“The beat!” Boom. “The beat!” Boom. “The beat!” Boom.
A haunted chorus of animalistic females chant only two words, then drop to the ground in unison out of love, fear and utter devotion for their god. These wild women—the Bacchae—are possessed by the irresistibly exciting, dangerously bipolar son of Zeus, Dionysus.
These women give name to the ancient Greek tragedy that the department of performing and visual arts has taken on. Euripides’ The Bacchae dates back to 405 B.C., but in its journey through time from Greece to the Edith Mortenson Center Theatre, this mythological play has been visually modernized while holding true to its ancient storyline.

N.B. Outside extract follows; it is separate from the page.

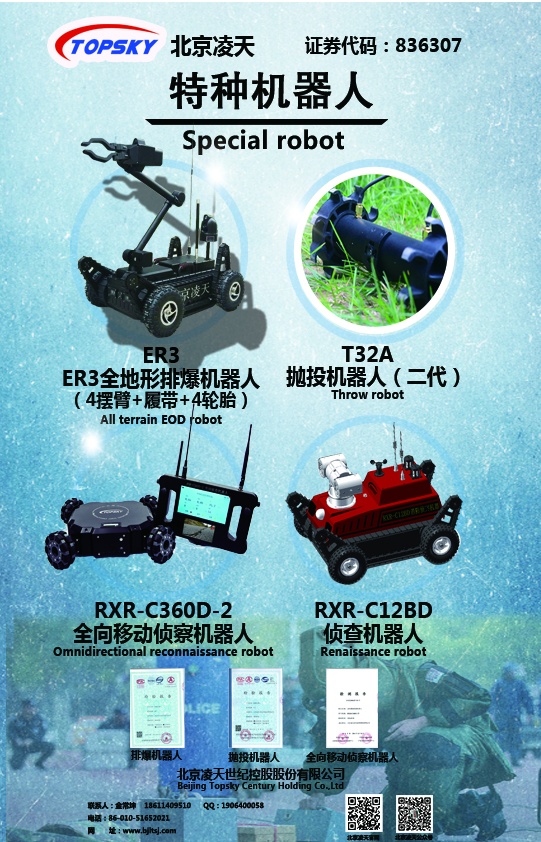 特種機(jī)器人系列【排爆、拋投、全向、偵察】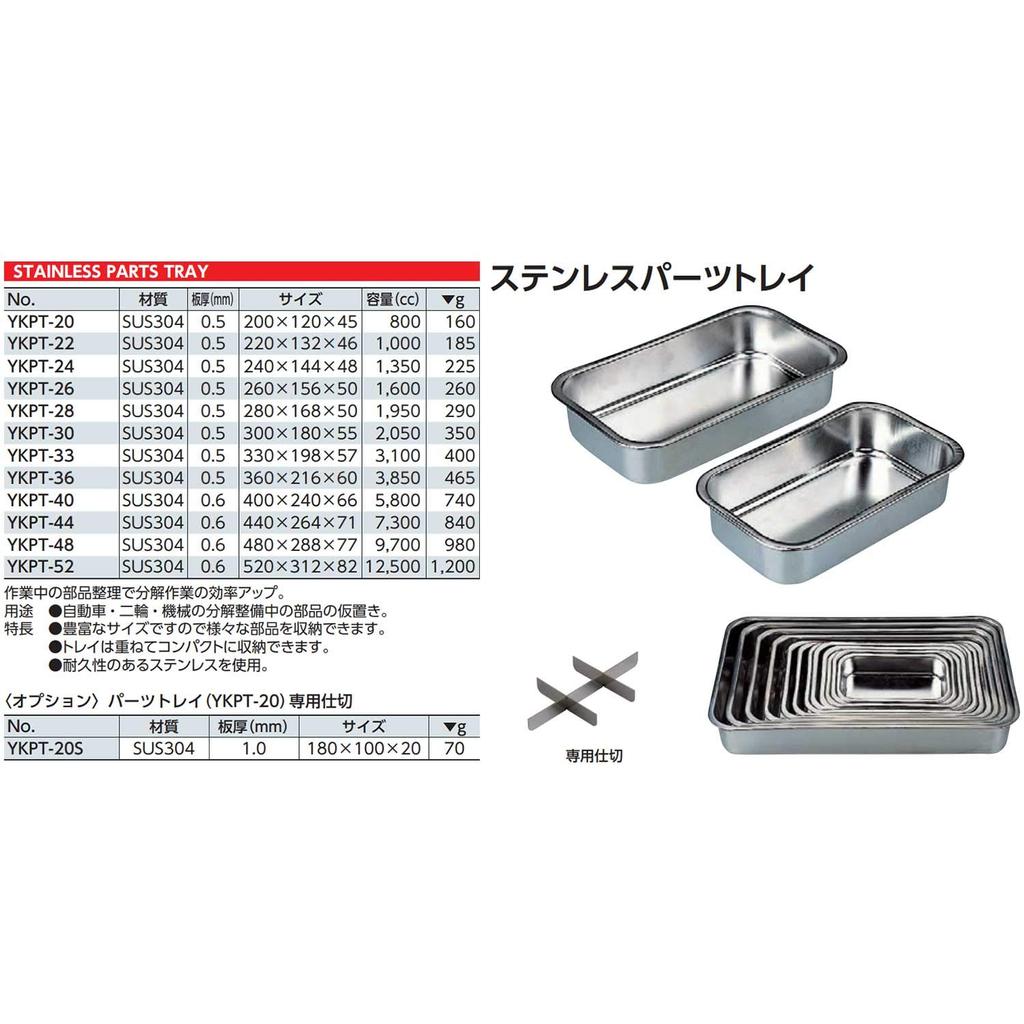 Лоток для деталей из нержавеющей стали Kyoto Machinery Tools (КТК) ЯКПТ-20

As the story goes, Dionysus, played by senior Josh Thies, is the god of ecstasy, fertility and wine, but has taken the form of a human. His cousin, King Pentheus, performed by junior Matt Stoffel, refuses to let the people of Thebes worship him, pushing an enraged Dionysus to use his charismatic and divine powers to punish Pentheus.
Augustana’s director of theatre Jayna Fitzsimmons is pleased to be directing The Bacchae, especially since a Greek tragedy hasn’t been done on campus for approximately 10 years.
“I’ve wanted to work with this piece for a long time, and with the talents of the students we have now, it seemed like the right time to do it,” Fitzsimmons said.
Preparing for this play was exciting, but by no means easy. Thies said that aside from memorizing long monologues, the most difficult part of playing Dionysus was mastering such an intense personality.
“Dionysus is either super happy or super angry,” Thies said.
The Bacchae women show their devotion to Dionysus through their chilling chants, crazed expressions and wild body movements. To reach this detached and animalistic state, the actresses had to leave their humanity behind. They envisioned themselves each as a different animal.
Junior Christina Olson became a snake; junior Katelynn Kenney took on the mindset of a lion. “I love the animalistic nature of the Bacchae,” Olson said.
Olson was pleased with the way the Bacchae were able to convey visual excitement by simply moving their bodies in strange ways.
In one scene, the earth convulses due to the wrath of Dionysus. To portray this, the actresses shook violently on the floor. “We made an earthquake come to life with just our bodies,” Olson said.
Through the haunted Bacchae, the overall “beat” of the piece is created.
“Rhythm is so important to this play and the Greek style in general,” Fitzsimmons said. “In this translation, the phrase ‘the beat’ is repeated over and over when we [see the] transformation [of the] women of Thebes into the Bacchae, when their individuality is stripped away.”
To make this ancient piece original, it was decided that the costumes and setting would be contemporary.
“This production is unique because a text like this is, to some extent, open to interpretation,” Fitzsimmons said. “The decision [to make it contemporary] was made in order to bring the action of the play into the present moment, the here and now.”
The modern costumes enhance The Bacchae’s present-day importance.
“Our costume designer, Jennifer Shouse-Klassen…has a particular passion for early Greek and Roman costume,” Fitzsimmons said. “She’s found exciting ways to subtly nod to those time periods even though the costumes are contemporary.”
Thies described the costumes further: “They’re dark but professional with a wild, dirty side,” he said. It fits in well with the “mesmerizing creepiness” which characterized his scenes.
“The Bacchae is one of the more violent, dark plays we’ve done in awhile,” Thies said. “But in the end, it’s essentially about enjoying life. I hope that’s what the audience gets out of it.”
Family betrayal, power struggles between deities and kings, a body ripped to pieces by a pack of wild women, and an unforgettable ending with a powerful message—this is what The Bacchae’s beat is all about. In the words of Thies, it’s dark and it’s dirty. But in the words of Dionysus, “darkness has dignity.”
The Bacchae will be held in the Edith Mortenson Center Theatre Feb. 27-March 3. Student tickets are free with an Augie ID.